Lack of survey returns cause problems
JUD, N.D.—Jeremy Nitschke says he fills out a lot of federal agricultural surveys and responds to government surveys, but says a National Agricultural Statistics Survey that failed in his county shouldn't have cost him $30,000.
At age 38, Nitschke is a farming partner with his younger brother, Nathan. The two farm in both Logan and LaMoure counties in North Dakota. They work in a loose association with an older Nitschke partnership that includes their father, Jon Nitschke, and their uncle, Jeff Nitschke.
When only one out of five farmers who received NASS corn yield returned those surveys last fall, it affected whether farmers in the two counties would get a payment in the Agriculture Risk Coverage-County, also called ARC-CO.

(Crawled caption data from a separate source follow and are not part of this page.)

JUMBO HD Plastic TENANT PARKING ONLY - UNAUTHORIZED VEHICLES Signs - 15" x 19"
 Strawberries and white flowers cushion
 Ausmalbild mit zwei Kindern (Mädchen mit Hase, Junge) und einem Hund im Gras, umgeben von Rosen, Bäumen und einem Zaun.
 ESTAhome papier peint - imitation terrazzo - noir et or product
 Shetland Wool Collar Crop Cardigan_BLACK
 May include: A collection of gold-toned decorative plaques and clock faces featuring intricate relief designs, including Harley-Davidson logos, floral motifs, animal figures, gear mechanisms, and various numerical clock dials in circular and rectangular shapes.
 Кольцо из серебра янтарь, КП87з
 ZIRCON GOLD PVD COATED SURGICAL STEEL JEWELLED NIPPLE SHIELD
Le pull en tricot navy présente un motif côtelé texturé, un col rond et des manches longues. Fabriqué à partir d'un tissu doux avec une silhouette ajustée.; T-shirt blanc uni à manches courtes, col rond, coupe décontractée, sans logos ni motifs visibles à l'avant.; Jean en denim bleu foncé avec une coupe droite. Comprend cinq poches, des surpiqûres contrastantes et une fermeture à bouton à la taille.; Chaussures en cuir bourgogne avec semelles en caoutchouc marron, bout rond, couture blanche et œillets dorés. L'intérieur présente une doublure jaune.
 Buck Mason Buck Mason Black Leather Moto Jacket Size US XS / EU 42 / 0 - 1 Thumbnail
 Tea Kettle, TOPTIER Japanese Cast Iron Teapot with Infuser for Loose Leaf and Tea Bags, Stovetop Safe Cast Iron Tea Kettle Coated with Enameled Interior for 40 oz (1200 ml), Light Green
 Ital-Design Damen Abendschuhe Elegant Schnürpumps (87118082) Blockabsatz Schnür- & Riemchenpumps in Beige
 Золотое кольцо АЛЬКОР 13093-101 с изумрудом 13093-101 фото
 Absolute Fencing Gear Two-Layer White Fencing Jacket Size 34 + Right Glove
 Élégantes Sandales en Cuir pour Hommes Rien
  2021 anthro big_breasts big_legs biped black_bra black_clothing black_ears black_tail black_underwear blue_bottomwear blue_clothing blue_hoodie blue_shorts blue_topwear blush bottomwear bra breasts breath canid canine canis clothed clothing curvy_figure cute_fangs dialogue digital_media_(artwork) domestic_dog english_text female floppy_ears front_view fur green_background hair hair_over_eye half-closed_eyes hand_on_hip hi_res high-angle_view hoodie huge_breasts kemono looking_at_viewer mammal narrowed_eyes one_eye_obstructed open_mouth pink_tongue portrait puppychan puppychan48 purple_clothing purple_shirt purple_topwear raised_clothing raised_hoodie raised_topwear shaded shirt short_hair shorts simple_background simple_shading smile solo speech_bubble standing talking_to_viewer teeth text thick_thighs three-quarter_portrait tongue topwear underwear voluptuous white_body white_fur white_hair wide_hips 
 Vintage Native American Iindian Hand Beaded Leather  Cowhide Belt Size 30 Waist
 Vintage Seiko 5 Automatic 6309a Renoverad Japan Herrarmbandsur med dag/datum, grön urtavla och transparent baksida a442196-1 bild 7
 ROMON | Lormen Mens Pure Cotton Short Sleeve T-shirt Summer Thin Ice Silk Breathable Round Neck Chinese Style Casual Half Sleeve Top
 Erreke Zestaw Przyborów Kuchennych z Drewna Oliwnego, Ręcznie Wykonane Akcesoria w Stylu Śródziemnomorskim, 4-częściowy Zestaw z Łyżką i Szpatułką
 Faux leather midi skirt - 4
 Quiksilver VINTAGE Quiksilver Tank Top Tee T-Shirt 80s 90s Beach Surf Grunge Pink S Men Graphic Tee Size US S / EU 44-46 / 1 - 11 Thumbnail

Jeremy and Nathan's partnership is typical and easy to calculate. The younger partners together have 1,000 acres of corn base on their FSA farm. With help from their loan officer, they calculated that, depending on yield, they might expect a net ACR-CO ranging from $20 to $67 per acre, or roughly $20,000 to $67,000.
Instead, they got nothing. Jeremy says he might have made different program decisions if he'd known how ARC-CO could go wrong.
"How can you take $30,000 away just because people didn't fill out a survey?" he says.
How could it be?
The federal Agricultural Act of 2014, signed into law Feb. 7, 2014, is administered by the U.S. Department of Agriculture's Farm Service Agency. Corn farmers who wanted to participate were offered a choice of two FSA farm programs on a farm-by-farm basis—the Price Loss Coverage program or the Agriculture Risk Coverage-County program.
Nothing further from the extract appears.